We also should remember that we have been here before. As we acknowledge the 250th anniversary of our Declaration of Independence, we also should acknowledge that this very kind of murder, this very kind of cover-up, this very kind of violation of laws and charters in American colonies were at the heart of our 1776 Declaration. See https://declaration.fas.harvard.edu/resources/text.

“He has obstructed the Administration of Justice . . .”

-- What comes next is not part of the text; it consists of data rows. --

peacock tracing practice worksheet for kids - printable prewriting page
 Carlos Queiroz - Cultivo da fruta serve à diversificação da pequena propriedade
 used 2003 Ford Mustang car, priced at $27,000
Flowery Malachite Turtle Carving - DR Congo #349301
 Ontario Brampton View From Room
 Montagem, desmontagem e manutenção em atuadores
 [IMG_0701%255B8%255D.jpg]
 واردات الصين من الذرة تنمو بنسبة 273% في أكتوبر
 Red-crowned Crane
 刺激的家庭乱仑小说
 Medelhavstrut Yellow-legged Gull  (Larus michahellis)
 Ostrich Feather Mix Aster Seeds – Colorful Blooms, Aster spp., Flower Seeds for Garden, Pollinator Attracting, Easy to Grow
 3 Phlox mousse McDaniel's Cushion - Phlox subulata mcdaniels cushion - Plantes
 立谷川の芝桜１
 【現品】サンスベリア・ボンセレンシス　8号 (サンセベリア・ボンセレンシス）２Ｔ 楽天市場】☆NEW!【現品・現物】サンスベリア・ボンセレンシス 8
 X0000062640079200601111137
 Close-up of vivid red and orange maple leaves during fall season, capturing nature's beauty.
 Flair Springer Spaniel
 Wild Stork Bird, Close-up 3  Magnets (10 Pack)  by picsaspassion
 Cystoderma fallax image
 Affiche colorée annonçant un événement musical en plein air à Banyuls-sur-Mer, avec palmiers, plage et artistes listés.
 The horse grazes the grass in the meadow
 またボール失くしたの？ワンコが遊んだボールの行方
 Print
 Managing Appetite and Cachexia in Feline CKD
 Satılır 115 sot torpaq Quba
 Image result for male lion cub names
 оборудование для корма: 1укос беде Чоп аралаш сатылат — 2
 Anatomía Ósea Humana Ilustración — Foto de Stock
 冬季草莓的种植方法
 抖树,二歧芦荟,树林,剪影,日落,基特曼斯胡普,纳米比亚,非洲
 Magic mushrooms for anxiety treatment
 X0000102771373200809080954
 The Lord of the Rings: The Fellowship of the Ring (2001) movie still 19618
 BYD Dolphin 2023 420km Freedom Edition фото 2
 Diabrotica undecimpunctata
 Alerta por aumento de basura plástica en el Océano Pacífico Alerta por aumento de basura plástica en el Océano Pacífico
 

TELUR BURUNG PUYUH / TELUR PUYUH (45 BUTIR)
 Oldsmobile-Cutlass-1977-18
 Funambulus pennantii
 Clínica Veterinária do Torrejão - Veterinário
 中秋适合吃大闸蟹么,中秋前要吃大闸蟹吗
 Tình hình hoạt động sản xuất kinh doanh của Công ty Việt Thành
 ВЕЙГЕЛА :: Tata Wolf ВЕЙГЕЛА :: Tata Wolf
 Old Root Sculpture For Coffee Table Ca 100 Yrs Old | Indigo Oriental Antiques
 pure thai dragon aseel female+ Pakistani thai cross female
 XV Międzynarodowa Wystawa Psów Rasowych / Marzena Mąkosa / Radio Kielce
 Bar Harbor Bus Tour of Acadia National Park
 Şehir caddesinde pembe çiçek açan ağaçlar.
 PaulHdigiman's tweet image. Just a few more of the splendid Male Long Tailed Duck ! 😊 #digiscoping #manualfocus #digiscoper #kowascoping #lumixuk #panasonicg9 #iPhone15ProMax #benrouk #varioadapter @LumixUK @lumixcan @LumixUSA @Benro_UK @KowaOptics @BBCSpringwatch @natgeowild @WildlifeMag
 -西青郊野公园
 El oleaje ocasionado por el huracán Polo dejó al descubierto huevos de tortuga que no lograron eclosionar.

“He has erected a Multitude of new Offices, and sent hither Swarms of Officers to harrass our People, and eat out their Substance.”

“He has kept among us, in Times of Peace, Standing Armies, without the consent of our Legislatures.”

“He has affected to render the Military independent of and superior to the Civil Power.”

“He has combined with others to subject us to a Jurisdiction foreign to our Constitution, and unacknowledged by our Laws; giving his Assent to their Acts of pretended Legislation:

For quartering large Bodies of Armed Troops among us:

For protecting them, by a mock Trial, from Punishment for any Murders which they should commit on the Inhabitants of these States:

For cutting off our Trade with all Parts of the World:

For imposing Taxes on us without our Consent:

For depriving us, in many Cases, of the Benefits of [the] Trial by Jury [of people responsible for killing Americans]”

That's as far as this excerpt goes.